Cette reconnaissance littéraire accordée à un artiste n’ayant pas écrit plus de cinq livres (si on écarte les partitions, les catalogues d’art et les livres reproduisant ses toiles) a déclenché des félicitations et des approbations de tous horizons, mais a également occasionné des remous et des jalousies. Des objections sont venues par exemple de la part de l’écrivain Pierre Assouline, de l’académie Goncourt, et d’Alain Finkielkraut, qui contestaient le statut de la chanson au sein de la catégorie de la littérature2. Cette désapprobation perpétuait l’éternel débat entre « haute culture » et culture de masse, à laquelle sont associées la musique populaire et les expressions traditionnelles. D’autres commentateurs ont reproché à Dylan d’avoir tardé à réagir à sa nomination3. Quelle ironie pour celui qui a écrit tant de chansons de protestation (« protest songs ») ! Car c’est la poésie musicale de Dylan qui a été récompensée : plusieurs centaines de chansons créées et enregistrées sur un demi-siècle, et reprises par plus de mille artistes dans des versions et des traductions en tous genres. Lors de la réception de son prix, Bob Dylan a prononcé un discours, fidèle à la tradition, discours enregistré aux États-Unis et par la suite publié dans plusieurs langues, dont le français. Certains commentateurs l’ont alors accusé d’avoir plagié des passages d’un site Web analysant certaines des œuvres littéraires qu’il mentionne dans son discours4.

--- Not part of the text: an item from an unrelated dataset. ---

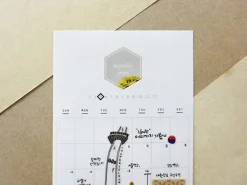 The Beauty of Korea Deco Sticker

L’œuvre de Bob Dylan est immense et contient plusieurs centaines de chansons de contestation, de revendication ou d’amour. Lorsque paraît son premier 33 tours intitulé simplement Bob Dylan (1962), enregistré en deux journées de novembre 1961, le jeune Robert Zimmerman n’a que vingt ans et ne se doute aucunement qu’il deviendra l’auteur-compositeur le plus influent des États-Unis. Il a su puiser aux sources des musiques populaires émergeant de tous les styles : folklore, blues, country, musique sacrée et surtout rock. Au terme de sa sixième décennie de production artistique, Bob Dylan a enregistré une quarantaine de disques, mais si on ajoute ses concerts endisqués, les compilations et les archives de ses enregistrements inédits (The Bootleg Series), on dépasse la centaine de disques. Et le chanteur se produit régulièrement sur scène encore en 2018.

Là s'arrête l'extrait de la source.